### Work item
From the entries below, reproduce exactly the line containing "[Kaiko] Haha ni", the line containing "中南药学杂志社和中南药学杂志社", and every line in between, with nothing added.

━━━━━ Extracted information

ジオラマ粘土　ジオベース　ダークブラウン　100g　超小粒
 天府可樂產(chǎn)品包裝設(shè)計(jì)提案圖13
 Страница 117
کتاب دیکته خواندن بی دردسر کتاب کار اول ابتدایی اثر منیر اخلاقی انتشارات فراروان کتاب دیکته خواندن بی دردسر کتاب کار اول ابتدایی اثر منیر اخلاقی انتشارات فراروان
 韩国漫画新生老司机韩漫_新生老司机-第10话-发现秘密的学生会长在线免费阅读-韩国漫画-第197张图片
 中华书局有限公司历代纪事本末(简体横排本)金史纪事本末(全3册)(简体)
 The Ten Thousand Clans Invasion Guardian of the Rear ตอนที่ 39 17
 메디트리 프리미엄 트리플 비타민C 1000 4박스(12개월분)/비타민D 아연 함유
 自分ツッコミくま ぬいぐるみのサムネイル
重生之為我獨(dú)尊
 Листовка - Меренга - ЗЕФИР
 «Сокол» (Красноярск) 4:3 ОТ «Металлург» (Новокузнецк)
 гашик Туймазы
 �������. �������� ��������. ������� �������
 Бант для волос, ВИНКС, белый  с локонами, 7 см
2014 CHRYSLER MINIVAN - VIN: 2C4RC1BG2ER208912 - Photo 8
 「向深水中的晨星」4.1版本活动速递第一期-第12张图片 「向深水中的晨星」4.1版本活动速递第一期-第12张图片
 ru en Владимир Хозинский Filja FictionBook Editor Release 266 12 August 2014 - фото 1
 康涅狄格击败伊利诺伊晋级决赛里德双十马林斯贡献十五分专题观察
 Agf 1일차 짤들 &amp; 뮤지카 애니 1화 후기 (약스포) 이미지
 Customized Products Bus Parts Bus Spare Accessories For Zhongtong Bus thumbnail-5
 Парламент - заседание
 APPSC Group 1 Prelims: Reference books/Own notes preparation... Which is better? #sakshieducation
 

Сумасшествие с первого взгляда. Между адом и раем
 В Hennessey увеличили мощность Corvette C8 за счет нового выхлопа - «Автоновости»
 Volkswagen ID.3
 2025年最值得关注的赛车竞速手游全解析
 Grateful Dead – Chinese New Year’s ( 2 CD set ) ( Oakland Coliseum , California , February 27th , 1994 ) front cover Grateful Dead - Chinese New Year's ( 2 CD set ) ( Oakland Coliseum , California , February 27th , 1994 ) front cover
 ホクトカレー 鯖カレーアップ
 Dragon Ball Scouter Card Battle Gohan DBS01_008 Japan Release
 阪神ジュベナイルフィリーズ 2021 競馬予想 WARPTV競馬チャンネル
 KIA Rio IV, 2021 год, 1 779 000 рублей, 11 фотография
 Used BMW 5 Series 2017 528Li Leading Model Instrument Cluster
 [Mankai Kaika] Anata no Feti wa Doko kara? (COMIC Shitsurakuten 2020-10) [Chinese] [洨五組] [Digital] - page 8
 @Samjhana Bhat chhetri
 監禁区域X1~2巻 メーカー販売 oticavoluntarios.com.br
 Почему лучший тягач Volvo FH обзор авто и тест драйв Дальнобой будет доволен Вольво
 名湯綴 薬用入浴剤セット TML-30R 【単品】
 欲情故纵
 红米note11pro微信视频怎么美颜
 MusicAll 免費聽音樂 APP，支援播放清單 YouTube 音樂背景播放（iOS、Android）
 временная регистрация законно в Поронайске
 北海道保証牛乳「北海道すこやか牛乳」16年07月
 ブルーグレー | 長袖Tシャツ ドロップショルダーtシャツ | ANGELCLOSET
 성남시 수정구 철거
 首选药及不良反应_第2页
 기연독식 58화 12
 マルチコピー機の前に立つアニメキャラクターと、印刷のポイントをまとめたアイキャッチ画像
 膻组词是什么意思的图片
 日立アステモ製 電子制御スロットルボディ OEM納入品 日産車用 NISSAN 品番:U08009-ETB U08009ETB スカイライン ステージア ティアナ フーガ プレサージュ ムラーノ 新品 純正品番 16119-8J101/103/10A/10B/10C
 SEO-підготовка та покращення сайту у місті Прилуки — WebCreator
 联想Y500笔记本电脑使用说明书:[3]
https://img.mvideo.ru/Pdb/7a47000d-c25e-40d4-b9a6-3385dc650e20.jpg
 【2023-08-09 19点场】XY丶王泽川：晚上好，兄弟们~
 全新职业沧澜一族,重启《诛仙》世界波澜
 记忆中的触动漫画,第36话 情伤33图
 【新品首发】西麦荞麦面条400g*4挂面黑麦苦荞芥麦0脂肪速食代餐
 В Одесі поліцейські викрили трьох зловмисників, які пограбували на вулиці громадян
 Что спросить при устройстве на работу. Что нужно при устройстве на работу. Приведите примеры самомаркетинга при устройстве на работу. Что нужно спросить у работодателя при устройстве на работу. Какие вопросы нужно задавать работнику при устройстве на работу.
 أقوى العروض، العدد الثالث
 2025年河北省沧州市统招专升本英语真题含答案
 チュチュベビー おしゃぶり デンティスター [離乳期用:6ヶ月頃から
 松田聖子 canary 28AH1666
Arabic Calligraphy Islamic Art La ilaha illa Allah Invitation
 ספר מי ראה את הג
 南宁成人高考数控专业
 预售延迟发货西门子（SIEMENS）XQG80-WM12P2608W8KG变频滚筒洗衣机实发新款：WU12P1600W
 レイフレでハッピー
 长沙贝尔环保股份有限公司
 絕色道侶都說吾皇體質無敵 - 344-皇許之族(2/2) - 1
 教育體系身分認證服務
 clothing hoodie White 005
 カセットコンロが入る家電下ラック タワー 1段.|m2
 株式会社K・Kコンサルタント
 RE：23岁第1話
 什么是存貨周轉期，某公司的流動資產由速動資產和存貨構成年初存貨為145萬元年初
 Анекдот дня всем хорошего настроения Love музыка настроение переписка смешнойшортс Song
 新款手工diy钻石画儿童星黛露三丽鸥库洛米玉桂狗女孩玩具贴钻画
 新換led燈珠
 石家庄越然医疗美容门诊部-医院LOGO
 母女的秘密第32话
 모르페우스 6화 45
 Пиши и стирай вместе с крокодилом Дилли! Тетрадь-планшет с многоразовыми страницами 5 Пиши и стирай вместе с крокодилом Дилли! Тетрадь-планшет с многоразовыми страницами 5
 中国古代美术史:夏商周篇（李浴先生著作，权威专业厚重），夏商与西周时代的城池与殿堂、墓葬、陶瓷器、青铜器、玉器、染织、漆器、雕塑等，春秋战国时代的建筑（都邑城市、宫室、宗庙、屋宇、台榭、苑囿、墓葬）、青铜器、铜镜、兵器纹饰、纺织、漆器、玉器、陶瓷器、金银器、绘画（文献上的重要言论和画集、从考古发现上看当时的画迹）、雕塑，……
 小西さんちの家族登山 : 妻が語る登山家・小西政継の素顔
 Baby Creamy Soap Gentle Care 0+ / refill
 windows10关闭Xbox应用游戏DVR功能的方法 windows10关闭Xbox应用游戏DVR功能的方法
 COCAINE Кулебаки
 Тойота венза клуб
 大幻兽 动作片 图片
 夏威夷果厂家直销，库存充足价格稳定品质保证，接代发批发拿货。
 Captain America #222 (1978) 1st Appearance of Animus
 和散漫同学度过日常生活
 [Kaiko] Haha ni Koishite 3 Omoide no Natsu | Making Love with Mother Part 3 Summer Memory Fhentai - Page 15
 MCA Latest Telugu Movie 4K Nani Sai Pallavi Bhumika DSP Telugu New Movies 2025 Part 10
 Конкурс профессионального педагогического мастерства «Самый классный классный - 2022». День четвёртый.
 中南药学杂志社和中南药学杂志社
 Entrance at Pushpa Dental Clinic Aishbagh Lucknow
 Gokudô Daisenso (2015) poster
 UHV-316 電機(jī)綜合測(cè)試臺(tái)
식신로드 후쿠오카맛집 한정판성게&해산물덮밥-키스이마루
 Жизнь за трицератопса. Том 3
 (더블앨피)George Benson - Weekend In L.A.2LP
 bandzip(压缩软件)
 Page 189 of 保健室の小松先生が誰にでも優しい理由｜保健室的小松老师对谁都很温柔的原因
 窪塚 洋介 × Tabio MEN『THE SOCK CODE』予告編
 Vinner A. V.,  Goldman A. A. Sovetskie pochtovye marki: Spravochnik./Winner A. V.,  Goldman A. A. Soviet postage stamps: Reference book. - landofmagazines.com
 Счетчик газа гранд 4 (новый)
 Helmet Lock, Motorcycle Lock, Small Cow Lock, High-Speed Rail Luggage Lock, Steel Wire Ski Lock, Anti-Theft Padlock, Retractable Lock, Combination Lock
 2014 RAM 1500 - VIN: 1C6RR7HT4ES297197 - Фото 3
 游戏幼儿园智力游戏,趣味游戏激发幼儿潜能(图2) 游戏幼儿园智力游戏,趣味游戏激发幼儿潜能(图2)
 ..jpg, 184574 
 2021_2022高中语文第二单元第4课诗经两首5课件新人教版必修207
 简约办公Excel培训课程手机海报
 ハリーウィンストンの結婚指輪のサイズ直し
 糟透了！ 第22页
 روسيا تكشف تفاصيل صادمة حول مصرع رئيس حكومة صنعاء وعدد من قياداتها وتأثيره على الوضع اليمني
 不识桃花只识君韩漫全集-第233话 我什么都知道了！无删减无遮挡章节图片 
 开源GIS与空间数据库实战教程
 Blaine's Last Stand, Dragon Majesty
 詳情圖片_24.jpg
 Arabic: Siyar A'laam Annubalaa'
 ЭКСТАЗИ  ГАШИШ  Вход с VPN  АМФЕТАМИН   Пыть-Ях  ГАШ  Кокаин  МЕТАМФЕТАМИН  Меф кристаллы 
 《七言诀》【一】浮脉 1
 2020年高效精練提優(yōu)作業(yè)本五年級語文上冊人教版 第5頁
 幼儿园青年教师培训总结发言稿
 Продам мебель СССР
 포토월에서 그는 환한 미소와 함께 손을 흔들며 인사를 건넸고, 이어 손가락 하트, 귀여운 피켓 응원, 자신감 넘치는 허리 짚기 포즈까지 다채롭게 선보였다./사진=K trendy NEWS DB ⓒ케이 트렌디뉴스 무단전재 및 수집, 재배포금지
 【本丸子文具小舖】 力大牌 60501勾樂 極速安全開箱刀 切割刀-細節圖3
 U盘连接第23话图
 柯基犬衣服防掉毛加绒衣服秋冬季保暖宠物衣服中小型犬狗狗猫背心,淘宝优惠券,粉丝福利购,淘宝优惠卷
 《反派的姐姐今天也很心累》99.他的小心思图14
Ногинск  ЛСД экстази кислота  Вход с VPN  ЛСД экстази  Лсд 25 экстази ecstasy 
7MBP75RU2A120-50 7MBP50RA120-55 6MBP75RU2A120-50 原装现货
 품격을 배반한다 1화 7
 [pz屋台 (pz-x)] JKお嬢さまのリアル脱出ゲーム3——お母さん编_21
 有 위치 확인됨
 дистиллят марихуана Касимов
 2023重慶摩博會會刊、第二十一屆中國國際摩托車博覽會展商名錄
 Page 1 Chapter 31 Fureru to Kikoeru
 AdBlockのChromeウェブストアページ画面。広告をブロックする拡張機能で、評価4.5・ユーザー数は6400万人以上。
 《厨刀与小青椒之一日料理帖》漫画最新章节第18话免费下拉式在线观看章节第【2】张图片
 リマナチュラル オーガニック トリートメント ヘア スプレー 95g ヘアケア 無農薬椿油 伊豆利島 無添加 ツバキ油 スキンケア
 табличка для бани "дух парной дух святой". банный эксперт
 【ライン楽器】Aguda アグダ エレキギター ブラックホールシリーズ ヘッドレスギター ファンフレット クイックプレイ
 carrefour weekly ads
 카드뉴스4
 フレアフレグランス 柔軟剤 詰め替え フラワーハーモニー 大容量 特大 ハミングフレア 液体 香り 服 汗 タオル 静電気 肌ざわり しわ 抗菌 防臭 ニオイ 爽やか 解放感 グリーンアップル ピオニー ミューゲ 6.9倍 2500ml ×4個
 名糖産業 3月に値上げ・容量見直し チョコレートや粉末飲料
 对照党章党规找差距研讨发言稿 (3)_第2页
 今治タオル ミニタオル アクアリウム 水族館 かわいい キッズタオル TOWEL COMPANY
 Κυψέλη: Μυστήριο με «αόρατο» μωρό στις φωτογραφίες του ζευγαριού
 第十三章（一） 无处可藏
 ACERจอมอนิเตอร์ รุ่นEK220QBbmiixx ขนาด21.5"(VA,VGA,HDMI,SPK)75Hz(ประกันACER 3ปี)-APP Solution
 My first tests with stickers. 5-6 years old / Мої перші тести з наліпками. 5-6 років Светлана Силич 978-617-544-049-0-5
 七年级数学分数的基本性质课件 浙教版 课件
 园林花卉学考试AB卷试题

━━━━━━━━━━

### The completed task
 [Kaiko] Haha ni Koishite 3 Omoide no Natsu | Making Love with Mother Part 3 Summer Memory Fhentai - Page 15
 MCA Latest Telugu Movie 4K Nani Sai Pallavi Bhumika DSP Telugu New Movies 2025 Part 10
 Конкурс профессионального педагогического мастерства «Самый классный классный - 2022». День четвёртый.
 中南药学杂志社和中南药学杂志社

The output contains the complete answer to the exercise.